## What you have to do:
From the records below, output exactly the lines running from the line containing "3D-kleurboek voor volwassenen" through the line containing "Camera Lens Protector", and no others.

[Caption-style text data]
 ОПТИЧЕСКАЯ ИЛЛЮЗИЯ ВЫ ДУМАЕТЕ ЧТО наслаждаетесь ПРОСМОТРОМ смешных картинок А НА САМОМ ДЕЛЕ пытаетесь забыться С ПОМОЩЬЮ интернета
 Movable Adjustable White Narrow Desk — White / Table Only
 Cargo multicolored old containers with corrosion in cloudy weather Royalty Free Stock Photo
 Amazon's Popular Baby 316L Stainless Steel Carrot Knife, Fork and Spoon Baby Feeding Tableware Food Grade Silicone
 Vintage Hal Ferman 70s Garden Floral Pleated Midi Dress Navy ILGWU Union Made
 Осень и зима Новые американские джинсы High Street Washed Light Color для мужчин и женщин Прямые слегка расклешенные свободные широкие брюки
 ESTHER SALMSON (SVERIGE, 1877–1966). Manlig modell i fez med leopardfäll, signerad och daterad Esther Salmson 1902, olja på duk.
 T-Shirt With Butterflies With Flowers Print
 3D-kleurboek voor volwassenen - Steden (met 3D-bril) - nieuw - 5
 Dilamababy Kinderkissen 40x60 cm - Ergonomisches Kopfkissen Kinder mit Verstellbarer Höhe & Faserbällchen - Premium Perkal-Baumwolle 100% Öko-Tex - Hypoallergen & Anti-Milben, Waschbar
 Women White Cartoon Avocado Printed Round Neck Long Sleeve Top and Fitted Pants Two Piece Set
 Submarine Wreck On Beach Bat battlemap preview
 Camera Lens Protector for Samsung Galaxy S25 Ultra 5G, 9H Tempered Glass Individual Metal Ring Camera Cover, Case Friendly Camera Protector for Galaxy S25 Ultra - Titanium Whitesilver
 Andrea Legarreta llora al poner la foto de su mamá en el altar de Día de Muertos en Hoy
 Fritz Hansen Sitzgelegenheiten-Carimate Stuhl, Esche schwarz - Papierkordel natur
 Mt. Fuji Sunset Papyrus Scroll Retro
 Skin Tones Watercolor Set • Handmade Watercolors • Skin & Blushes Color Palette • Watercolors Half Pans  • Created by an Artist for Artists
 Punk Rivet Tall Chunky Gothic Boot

## Response below:
 3D-kleurboek voor volwassenen - Steden (met 3D-bril) - nieuw - 5
 Dilamababy Kinderkissen 40x60 cm - Ergonomisches Kopfkissen Kinder mit Verstellbarer Höhe & Faserbällchen - Premium Perkal-Baumwolle 100% Öko-Tex - Hypoallergen & Anti-Milben, Waschbar
 Women White Cartoon Avocado Printed Round Neck Long Sleeve Top and Fitted Pants Two Piece Set
 Submarine Wreck On Beach Bat battlemap preview
 Camera Lens Protector for Samsung Galaxy S25 Ultra 5G, 9H Tempered Glass Individual Metal Ring Camera Cover, Case Friendly Camera Protector for Galaxy S25 Ultra - Titanium Whitesilver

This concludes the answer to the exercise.